* Activity
Each line below from the one containing "Lot of 10 VTG" through the one containing "BREAKING: Mass Casualty" is to be given again exactly, and no line outside that span.
Start of Record extracts
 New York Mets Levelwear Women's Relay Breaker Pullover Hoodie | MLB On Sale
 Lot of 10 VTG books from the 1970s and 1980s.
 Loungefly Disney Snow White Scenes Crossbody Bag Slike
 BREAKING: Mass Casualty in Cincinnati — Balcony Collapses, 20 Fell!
End of Record extracts
Start of Record extracts
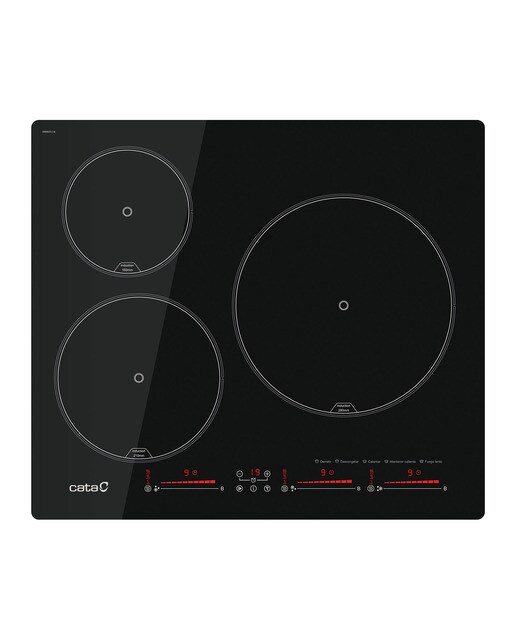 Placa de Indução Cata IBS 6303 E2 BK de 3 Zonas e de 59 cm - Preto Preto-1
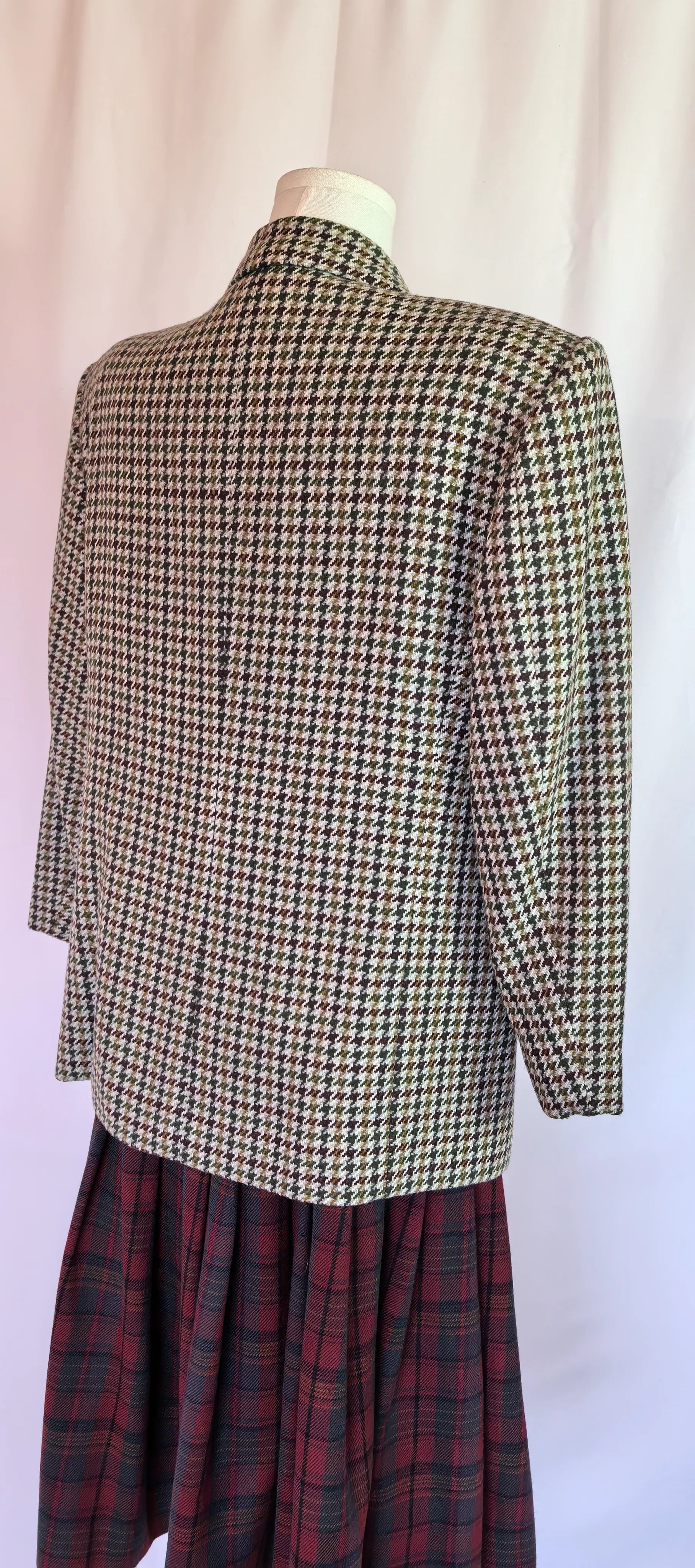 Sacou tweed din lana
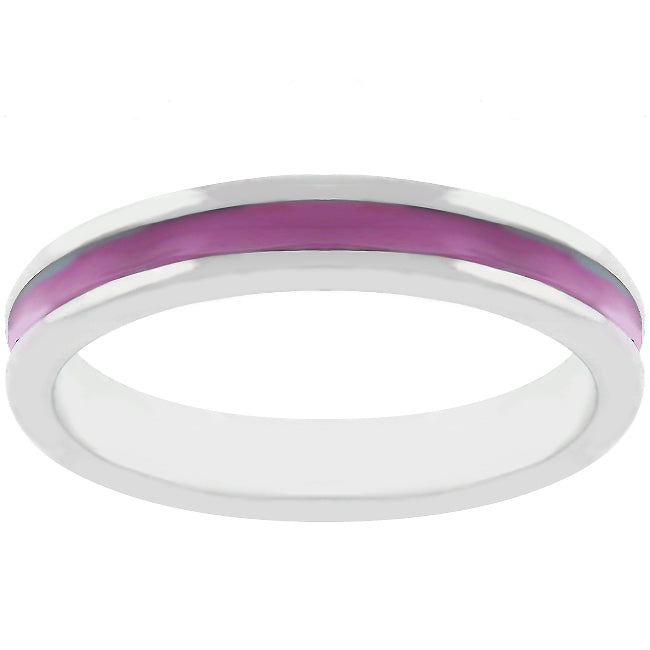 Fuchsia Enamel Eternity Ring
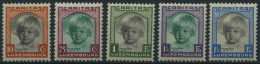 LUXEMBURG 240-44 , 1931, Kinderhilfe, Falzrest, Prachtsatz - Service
End of Record extracts
* Answer to this task
 Lot of 10 VTG books from the 1970s and 1980s.
 Loungefly Disney Snow White Scenes Crossbody Bag Slike
 BREAKING: Mass Casualty in Cincinnati — Balcony Collapses, 20 Fell!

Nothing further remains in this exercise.